* **Problem**
Filter the entries, keeping every line with the string "Black".

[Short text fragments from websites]
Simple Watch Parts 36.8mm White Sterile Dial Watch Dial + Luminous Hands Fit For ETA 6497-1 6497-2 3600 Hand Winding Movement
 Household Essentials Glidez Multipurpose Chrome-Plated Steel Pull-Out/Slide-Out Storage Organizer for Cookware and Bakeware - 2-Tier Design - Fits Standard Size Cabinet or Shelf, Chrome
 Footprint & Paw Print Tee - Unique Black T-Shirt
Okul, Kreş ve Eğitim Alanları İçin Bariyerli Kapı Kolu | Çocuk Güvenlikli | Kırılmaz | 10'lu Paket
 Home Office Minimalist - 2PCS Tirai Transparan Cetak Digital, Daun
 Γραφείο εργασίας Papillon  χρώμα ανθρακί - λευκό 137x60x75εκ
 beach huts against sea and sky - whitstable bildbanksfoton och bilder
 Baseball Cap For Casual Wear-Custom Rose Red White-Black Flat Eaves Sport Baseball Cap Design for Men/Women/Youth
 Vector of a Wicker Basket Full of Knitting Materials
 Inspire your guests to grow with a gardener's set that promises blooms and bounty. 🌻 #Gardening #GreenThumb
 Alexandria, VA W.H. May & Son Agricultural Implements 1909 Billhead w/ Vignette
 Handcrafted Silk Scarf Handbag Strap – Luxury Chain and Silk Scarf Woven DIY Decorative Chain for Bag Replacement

* **Task output**
 Footprint & Paw Print Tee - Unique Black T-Shirt
 Baseball Cap For Casual Wear-Custom Rose Red White-Black Flat Eaves Sport Baseball Cap Design for Men/Women/Youth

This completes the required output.